Priors Are Regularization
Here is the punchline that unites the two halves of this course. Take the Bayesian
MAP objective
with a zero-mean Gaussian prior m \sim N(0, C_M) and uniform Gaussian
noise C_D = \sigma^2 I. The negative log-posterior is, up to constants,
-\log p(m\mid d) \;=\; \frac{1}{\sigma^2}\|d - Gm\|^2 \;+\; m^{\mathsf T} C_M^{-1} m.
That is exactly a
general Tikhonov
functional. The data-fit term is the likelihood; the penalty term is the prior. Maximising the
posterior is regularized least squares.
The dictionary
Term by term, the Bayesian and deterministic pictures are the same object in two languages:
- A prior N(0, \tau^2 I) ⇒ the penalty \|m\|^2/\tau^2 — standard Tikhonov with \alpha^2 = \sigma^2/\tau^2.

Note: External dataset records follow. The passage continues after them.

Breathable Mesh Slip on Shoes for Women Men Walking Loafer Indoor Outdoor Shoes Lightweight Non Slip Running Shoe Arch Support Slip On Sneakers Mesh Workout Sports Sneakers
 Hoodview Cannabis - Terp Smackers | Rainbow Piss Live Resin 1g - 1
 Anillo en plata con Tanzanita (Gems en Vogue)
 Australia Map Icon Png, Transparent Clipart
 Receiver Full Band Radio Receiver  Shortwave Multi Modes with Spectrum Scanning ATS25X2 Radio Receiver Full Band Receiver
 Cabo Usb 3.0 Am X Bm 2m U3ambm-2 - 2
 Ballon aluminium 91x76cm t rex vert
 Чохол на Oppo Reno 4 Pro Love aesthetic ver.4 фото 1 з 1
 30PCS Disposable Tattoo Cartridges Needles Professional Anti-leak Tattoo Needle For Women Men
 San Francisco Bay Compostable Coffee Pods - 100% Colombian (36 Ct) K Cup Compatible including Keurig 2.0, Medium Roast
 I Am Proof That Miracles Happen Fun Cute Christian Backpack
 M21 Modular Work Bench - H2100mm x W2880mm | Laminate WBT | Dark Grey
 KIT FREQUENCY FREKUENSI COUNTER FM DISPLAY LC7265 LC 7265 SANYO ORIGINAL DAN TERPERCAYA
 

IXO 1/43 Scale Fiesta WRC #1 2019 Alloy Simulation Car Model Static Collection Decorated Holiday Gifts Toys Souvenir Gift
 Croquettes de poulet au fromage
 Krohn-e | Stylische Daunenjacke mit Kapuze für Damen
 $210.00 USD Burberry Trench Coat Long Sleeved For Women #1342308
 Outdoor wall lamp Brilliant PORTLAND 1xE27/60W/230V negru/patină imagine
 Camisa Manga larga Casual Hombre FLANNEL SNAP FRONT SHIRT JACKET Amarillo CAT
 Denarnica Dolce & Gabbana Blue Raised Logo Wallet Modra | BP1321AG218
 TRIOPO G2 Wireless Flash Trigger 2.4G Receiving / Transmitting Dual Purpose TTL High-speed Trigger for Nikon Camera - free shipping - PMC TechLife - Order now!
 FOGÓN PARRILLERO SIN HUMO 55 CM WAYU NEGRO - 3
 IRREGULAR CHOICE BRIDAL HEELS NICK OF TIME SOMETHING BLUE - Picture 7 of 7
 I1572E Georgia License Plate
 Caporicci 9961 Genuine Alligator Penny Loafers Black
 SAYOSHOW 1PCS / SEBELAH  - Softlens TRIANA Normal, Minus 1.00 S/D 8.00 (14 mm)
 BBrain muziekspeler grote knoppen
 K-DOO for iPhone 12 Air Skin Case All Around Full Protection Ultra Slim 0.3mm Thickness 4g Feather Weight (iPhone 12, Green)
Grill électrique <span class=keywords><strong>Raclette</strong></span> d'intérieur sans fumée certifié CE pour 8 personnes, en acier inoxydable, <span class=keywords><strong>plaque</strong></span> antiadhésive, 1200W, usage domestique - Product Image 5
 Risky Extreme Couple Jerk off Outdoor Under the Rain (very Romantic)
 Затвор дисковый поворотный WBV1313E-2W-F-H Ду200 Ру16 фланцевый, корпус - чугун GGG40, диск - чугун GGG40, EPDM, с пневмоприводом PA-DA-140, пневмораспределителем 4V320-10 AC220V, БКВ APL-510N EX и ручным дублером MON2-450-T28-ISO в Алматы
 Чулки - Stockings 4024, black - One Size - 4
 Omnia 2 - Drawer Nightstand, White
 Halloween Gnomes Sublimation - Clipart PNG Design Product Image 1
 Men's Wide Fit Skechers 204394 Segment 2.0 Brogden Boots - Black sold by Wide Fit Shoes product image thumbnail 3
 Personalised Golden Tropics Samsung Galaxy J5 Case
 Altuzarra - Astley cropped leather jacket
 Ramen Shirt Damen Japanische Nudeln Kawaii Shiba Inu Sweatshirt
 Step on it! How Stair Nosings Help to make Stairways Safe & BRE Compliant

- A smoothness prior (covariance favouring smooth fields) ⇒ a derivative penalty \|Lm\|^2 — general Tikhonov, with L^{\mathsf T}L = C_M^{-1}.
- A confident prior (small \tau) ⇒ a large \alpha — heavy regularization.
So the regularization parameter was never arbitrary: \alpha is the
ratio of how noisy you think the data is to how large you expect the model to be. And the penalty
was never a mere mathematical trick — it is a precise statement of prior belief. The
negative log-prior is the penalty, and the parabola
m^2/(2\tau^2) is the L2 penalty drawn out.
The penalty drawn from the prior
The bell curve is a zero-mean Gaussian prior on a model component; the upward parabola is its
negative logarithm — the penalty m^2/(2\tau^2) that regularization
adds. Narrow the prior (smaller \tau, more confident) and the parabola
steepens — a stronger pull toward zero, i.e. a larger \alpha.
- Negative log-posterior = data misfit + (negative log-prior) = a Tikhonov functional.
- Gaussian prior N(0,\tau^2 I) ⇒ L2 penalty with \alpha^2 = \sigma^2/\tau^2; smoothness prior ⇒ derivative penalty.
- \alpha is the noise-to-prior ratio: regularization strength is a statement of belief.